### EXERCISE DIRECTIONS
Each line of the listing that includes the string "with" needs to be located and copied.

### RECORDS
----------------------------------------

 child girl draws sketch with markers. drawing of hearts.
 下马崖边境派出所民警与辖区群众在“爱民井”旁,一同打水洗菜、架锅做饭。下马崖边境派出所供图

----------------------------------------

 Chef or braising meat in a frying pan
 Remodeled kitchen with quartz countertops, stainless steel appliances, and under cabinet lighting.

----------------------------------------

### WRITTEN RESPONSE
 child girl draws sketch with markers. drawing of hearts.
 Remodeled kitchen with quartz countertops, stainless steel appliances, and under cabinet lighting.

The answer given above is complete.